The most basic purpose of a gaming apparatus is to display a randomly generated result and its associated payout. Currently, video gaming systems vary greatly in the way they generate the actual representation of a game and its associated results. At any given time, casinos can host hundreds of different games with equally varied features

These is a need for engaging and entertaining games that create a competitive interactive play between the player and gaming machine to hold the player's interest. The present invention is such a video gaming device and method for wagering on a football simulation game, where the player is awarded for moving the team down the field after the player selects various offensive running and passing formations and after a “movie” is viewed of the play selected.

U.S. Pat. No. 6,135,885 describes a method for the player to play a wagering sports game such as football. The player makes a wager and defensive and offensive formations are selected and displayed. The play is run and based upon the outcome obtained the player either wins or loses the wager.

U.S. Pat. No. 6,319,123 describes a method of playing a game including a plurality of events depicted in a series of sequential, non-identical images identified as a first image, a second image and so forth. A first image selected from the plurality of first images is displayed in a frame on a video monitor. Likewise, a selected one of the second images from the plurality of second images is displayed in a second frame. If the images displayed in the frames sequentially depict the first and second images of the event, a winning condition is achieved. An apparatus for performing the method is disclosed.
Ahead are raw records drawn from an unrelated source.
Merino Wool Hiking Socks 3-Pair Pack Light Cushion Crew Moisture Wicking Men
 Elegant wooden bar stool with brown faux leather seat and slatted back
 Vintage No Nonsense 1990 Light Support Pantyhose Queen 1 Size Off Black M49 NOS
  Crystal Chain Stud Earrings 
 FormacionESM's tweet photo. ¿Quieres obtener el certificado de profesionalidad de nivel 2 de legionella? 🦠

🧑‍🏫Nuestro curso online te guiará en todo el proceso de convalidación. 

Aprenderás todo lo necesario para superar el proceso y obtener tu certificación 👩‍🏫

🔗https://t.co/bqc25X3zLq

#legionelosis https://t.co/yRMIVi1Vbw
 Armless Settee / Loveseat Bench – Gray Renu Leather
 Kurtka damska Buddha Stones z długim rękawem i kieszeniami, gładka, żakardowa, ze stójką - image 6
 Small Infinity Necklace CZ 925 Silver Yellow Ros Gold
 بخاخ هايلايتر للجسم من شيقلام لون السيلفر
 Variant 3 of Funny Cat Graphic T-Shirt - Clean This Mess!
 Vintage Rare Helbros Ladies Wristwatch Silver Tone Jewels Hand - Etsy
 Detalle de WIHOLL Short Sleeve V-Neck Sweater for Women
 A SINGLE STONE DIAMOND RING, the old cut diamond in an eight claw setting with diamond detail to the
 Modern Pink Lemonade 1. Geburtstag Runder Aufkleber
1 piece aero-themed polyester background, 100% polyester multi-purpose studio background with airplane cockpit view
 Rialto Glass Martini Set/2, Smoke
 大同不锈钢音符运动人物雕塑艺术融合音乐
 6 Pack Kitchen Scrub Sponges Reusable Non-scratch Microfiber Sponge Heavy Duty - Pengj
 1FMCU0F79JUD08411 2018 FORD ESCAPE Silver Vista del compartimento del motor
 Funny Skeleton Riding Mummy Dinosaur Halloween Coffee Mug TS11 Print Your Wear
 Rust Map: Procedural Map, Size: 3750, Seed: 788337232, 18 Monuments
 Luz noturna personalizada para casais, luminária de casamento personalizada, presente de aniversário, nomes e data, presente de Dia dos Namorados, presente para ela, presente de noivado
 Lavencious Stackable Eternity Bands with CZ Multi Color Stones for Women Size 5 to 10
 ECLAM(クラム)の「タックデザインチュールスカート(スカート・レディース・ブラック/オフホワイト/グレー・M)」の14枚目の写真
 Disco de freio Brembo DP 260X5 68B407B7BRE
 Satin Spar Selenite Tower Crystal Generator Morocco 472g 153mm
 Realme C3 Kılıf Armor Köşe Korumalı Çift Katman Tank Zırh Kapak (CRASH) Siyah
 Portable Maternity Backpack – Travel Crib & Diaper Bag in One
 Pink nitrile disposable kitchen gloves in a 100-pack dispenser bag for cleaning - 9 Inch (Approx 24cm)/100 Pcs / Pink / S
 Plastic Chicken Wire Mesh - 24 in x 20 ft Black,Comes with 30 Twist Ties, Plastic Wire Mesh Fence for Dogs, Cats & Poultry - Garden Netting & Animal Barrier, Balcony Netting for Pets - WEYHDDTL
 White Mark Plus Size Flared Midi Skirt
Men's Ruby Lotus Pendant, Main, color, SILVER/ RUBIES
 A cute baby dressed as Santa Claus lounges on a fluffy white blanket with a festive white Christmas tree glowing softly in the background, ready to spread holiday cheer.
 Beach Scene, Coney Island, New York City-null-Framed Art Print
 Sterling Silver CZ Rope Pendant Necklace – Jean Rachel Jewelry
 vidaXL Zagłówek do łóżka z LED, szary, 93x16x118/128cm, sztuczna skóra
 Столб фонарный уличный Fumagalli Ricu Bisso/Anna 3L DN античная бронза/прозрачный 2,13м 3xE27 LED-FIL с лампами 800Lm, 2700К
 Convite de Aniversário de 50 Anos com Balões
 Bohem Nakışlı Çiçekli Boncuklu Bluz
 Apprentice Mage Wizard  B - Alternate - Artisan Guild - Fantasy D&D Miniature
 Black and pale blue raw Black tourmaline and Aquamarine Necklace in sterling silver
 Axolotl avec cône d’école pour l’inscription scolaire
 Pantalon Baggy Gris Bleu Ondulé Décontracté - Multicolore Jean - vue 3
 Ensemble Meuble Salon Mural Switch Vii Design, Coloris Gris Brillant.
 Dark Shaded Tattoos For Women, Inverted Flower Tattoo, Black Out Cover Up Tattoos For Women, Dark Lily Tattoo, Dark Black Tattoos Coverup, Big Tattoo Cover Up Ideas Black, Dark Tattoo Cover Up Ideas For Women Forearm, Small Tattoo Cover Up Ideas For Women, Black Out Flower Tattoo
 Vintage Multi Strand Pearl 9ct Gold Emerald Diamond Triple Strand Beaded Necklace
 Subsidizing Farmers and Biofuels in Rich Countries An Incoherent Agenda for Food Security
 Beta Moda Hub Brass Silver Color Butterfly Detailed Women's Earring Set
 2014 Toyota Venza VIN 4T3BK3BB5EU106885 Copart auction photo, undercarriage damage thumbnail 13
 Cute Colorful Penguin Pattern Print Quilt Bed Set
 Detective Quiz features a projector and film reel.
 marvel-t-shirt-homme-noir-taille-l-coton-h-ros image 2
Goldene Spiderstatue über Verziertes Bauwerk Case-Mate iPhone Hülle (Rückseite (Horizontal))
U.S. Pat. No. 6,375,568 describes to an interactive gaming process and system, comprising a plurality of gaming machines to be played by plurality of players. Each gaming machine comprises a wagering game and a theme game. The wagering game has features that correspond to the theme game wherein the results of the wagering game influence the results of the theme game as the wagering game is being played. The system includes a controller for electronically linking the gaming machines and providing stimuli to the gaming machines to effect gaming machine outputs that are impartial and random. In one embodiment, the plurality of payers play the wagering game as a group wherein if one player's theme game results meet predetermined criteria, the particular player will play for the group, which will split any jackpot. In another embodiment, the plurality of players play as a group wherein activation of each player's wagering game either helps or hinders the group as a whole in its effort to achieve a predetermined goal. In another embodiment, the players play their respective wagering game directly completing against each other in the theme game. The results of the wagering games determine the winnings of each player, the eventual winner of the theme game and/or any predetermined jackpot.

U.S. Pat. No. 6,077,163 describes a method and apparatus for operating a gaming device having a flat rate play session costing a flat rate price spanning multiple plays on the gaming device over a pre-established duration. The gaming device identifies price parameters and determines the flat rate price of playing the gaming device.

2001/0046893 describes a game of chance, involving a progression of events conducted on one or more gaming machines. After receiving a wager from a player at a gaming machine, play of the game is initiated. To continue play of the game beginning from a point at which the game was paused, the personal identifier is provided to the central database via the same or another gaming machine and the game status associated with the personal identifier is retrieved from the central database.

2002/0132660 A1 describes a method for wagering on a gaming device where players purchase time on the device as opposed to an individual game where players are allowed to play as many individual games as possible to maximize their returns.

2003/0060255 describes a gaming device having a processor and a display device connected to the processor. The display device displays a plurality of choices to a player, whereby each choice has an associated number of points. The processor provides an initial number of picks to the player. The processor also maintains a regeneration amount, whereby the player receives a new number of picks, if the points associated with the player's choices accumulate at least to the regeneration amount, within the provided number of picks. In one embodiment, accumulating points includes accumulating awards. If the player accumulates a predetermined goal amount of points, the player also wins a goal award.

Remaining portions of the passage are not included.